北朝鮮は現在、国内旅行について、必要不可欠な人員または公式の旅行許可証を持つ者の移動、および承認された物品の移動にほぼ限定している。その結果、2020年以降、食料や生活必需品の輸入が制限され、国内での商品移動能力が低下し、生活必需品の不足が生じている。

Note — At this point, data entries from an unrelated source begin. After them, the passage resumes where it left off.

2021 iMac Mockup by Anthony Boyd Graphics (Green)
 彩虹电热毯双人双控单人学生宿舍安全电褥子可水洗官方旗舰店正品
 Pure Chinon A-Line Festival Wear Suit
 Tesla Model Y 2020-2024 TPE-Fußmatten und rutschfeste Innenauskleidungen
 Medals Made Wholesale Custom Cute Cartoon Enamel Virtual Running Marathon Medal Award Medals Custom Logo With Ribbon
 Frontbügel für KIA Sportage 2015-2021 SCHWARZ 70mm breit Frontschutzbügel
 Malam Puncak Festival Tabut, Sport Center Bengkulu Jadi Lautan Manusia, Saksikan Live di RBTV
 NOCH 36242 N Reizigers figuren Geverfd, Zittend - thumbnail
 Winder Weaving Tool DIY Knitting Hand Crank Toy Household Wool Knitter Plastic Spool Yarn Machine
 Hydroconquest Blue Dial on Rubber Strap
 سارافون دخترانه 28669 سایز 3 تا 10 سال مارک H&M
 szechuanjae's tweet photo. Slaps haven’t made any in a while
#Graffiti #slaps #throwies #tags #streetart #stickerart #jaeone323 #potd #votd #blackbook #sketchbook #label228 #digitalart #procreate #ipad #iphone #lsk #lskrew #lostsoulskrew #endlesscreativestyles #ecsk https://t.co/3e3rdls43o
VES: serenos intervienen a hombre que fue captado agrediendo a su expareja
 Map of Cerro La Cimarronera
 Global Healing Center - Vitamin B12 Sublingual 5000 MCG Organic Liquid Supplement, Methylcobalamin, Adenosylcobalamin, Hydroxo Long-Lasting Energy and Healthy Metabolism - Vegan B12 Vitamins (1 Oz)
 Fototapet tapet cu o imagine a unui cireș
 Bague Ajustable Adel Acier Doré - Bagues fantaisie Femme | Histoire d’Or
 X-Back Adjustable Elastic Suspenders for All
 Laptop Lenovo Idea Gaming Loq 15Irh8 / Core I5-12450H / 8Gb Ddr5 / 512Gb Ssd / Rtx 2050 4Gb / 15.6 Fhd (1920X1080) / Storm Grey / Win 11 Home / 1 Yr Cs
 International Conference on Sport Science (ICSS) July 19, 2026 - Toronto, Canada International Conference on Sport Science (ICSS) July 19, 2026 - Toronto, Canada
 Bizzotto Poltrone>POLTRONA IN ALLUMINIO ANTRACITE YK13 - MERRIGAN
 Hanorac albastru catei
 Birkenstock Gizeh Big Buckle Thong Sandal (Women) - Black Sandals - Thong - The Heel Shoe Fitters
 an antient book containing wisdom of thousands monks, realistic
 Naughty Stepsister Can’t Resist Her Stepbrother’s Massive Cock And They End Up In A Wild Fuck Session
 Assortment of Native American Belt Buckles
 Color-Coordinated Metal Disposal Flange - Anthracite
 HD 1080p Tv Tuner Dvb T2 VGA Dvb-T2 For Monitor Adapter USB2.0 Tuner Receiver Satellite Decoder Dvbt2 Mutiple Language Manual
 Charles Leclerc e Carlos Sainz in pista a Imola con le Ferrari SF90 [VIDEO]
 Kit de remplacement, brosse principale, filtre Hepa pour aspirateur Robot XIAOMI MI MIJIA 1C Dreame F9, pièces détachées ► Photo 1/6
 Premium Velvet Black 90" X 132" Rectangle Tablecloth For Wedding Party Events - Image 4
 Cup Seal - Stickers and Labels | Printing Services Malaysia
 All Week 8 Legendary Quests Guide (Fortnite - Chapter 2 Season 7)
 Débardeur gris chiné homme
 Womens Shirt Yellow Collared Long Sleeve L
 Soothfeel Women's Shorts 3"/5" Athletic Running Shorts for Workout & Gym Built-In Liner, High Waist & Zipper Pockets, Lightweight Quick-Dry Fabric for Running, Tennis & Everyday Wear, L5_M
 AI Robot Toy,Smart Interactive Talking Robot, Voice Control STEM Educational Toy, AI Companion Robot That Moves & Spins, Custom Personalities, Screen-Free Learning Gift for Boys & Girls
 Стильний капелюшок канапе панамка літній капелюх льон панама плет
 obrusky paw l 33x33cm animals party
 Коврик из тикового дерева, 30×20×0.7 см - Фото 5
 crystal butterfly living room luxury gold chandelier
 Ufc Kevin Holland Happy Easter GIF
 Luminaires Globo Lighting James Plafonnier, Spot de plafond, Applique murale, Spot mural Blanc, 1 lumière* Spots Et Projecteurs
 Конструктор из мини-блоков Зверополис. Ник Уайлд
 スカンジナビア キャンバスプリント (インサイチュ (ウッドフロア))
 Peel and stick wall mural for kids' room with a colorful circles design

「金正恩政権はパンデミックを利用して、北朝鮮を世界からいっそうシャットアウトし、食料などの輸入と流通について政府の完全な統制を回復しようとしている」と前出のユン・シニアリサーチャーは指摘する。「しかし、食料や必需品を国のみが配給するというシステムは、過去が示しているとおり、抑圧を一層強め、飢饉などの大惨事につながりかねない。」
北朝鮮政府当局は、新型コロナウイルス感染症対策としてのロックダウンへの不満が騒乱につながることへの懸念を強めているようだと、ヒューマン・ライツ・ウォッチは述べた。北朝鮮政府は2020年12月、国外からの情報の受信を犯罪とする法律を成立させ、無許可の携帯電話の所持や、無許可のメディアコンテンツの視聴と配信を禁止した。また、プロパガンダキャンペーンも活発化させた。
北朝鮮政府は2022年5月、新型コロナウイルス感染症の流行を確認したことを初めて公式に認めた。8月に金正恩が流行を封じ込めたとする「勝利宣言」を行い、9月には金正恩が当局にワクチン接種プログラムの開始を命じた。
北朝鮮政府は、市民的及び政治的権利に関する国際規約や経済的、社会的及び文化的権利に関する国際規約など、中核的な国際人権条約を批准している。しかし、同国政府はその規定に恒常的に背き、人権上の義務を促進、保護、尊重、履行するための措置をほとんどまったく講じていない。北朝鮮における人権状況に関する国連調査委員会(COI)による2014年の報告書は、政府当局者が北朝鮮国民への人道に対する罪と、長期にわたる飢餓を故意に発生させた責任があることを明らかにした。
「国連安全保障理事会は、国際刑事裁判所への付託を含め、北朝鮮の人権状況を議論するための緊急会合を開くべきだ」と、前出のユン・シニアリサーチャーは述べた。「決議の採択は難しいとしても、北朝鮮政府に対し、世界が北朝鮮市民に対する重大な人権侵害を監視し、記録し、情報を収集していることをわからせなければならない。」